On 16/05/2019 19.09, Remi Gauvin wrote:
> On 2019-05-16 10:54 a.m., Axel Burri wrote:
> 
>>
>> Any thoughts? I'm willing to implement such a feature in btrfs-progs if
>> this sounds reasonable to you.
>>
> 
> 
> BTRFS qgroups are where this is implemented.  You have to enable quotas,
> and leaving quotas enabled has lots of problems, (mostly performance
> related), so I would not suggest leaving them on when there is lots of
> activity, (ie, multiple send/receive, or deletion of many snapshots.)
> 
> But you can enable quotas as any time (btrfs quota enable /path)
> 
> Wait for the rescan to finish
> 
> btrfs quota rescan -s /path  (to view status of scan)
> 
> And then:
> 
> btrfs qgroup show /path to list the space usage, (total, and what you're
> looking for: Exclusive)
> 
> Note that the default groups correspond to subvolume ID, not filename,
> (someone did make a utility somewhere that will display this output with
> corresponding directory names.)
> 
> btrfs sub list /path is used to find the relevant ID's.. (I find the -o
> option useful, so it only displays the subvolumes that are children to
> the /path)
> 
> As stated above, I would suggest disabling quotas when you are finished:
> 
> btrfs quota disable /path


Thanks for the tip, but this does not seem practicable for productive
systems, as it involves enabling quotas, which had many problems in the
past (not sure about the current state, but probably still true if I get
you correctly).

Nevertheless I played around with it and it seems to work, I'll keep it
in mind for the future.


- Axel


[-- Attachment #2: OpenPGP digital signature --]
[-- Type: application/pgp-signature, Size: 833 bytes --]

^ permalink raw reply	[flat|nested] 10+ messages in thread

* Re: Used disk size of a received subvolume?
  2019-05-17 13:57   ` Axel Burri
@ 2019-05-17 15:28     ` Graham Cobb
  2019-05-17 16:39       ` Steven Davies
  2019-05-23 16:06       ` Axel Burri
  0 siblings, 2 replies; 10+ messages in thread
From: Graham Cobb @ 2019-05-17 15:28 UTC (permalink / raw)
  To: linux-btrfs

On 17/05/2019 14:57, Axel Burri wrote:
> btrfs fi du shows me the information wanted, but only for the last
> received subvolume (as you said it changes over time, and any later
> child will share data with it). For all others, it merely shows "this
> is what gets freed if you delete this subvolume".

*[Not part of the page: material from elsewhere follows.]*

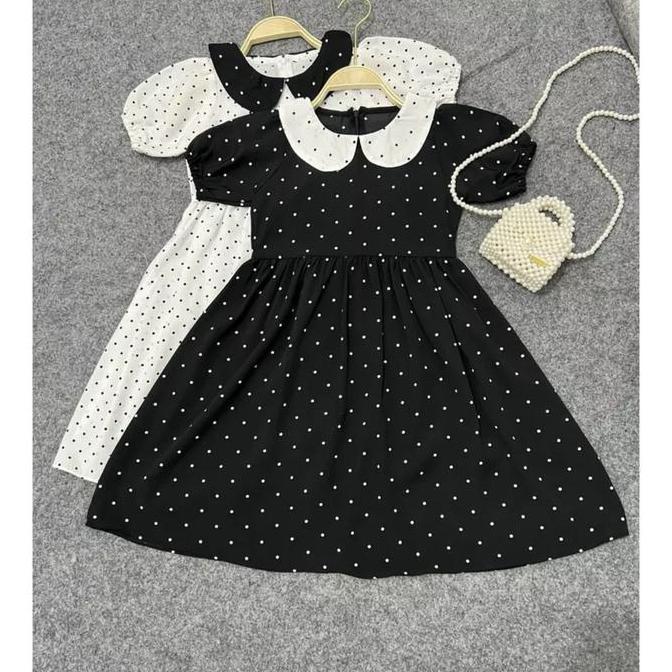 dress wednesday addams cosplay anak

It doesn't even show you that: it is possible to have shared (not
exclusive) data which is only shared between files within the subvolume,
and which will be freed if the subvolume is deleted. And, of course, the
obvious problem that if you only count exclusive then no one is being
charged for all the shared segments ("Oh, my backup is getting a bit
expensive. Hmm. I know! I will back up all my files to two different
destinations, and make sure btrfs is sharing the data between both
locations! Then no one pays for it! Whoopee!")

In my opinion, the shared/exclusive information in btrfs fi du is worse
than useless: it confuses people who think it means something different
from what it does. And, in btrfs, it isn't really useful to know whether
something is "exclusive" or not -- what people care about is always
something else (which is dependent on **where** it is shared, and by whom).

The biggest problem is that you haven't defined what **you** (in your
particular use case) mean by the "size" of a subvolume. For btrfs that
doesn't have any single obvious definition.

Most commonly, I think, people mean "how much space on disk would be
freed up if I deleted this subvolume and all subvolumes contained within
it", although quite often they mean the similar (but not identical) "how
much space on disk would be freed up if I deleted just this subvolume".
And sometimes they actually mean "how much space on disk would be freed
up if I deleted this subvolume, the subvolumes contained with in, and
all the snapshots I have taken but are lying around forgotten about in
some other directory tree somewhere".

But often they mean something else completely, such as "how much space
is taken up by the data which was originally created in this subvolume
but which has been cloned into all sorts of places now and may not even
be referred to from this subvolume any more" (typically this is the case
if you want to charge the subvolume owner for the data usage).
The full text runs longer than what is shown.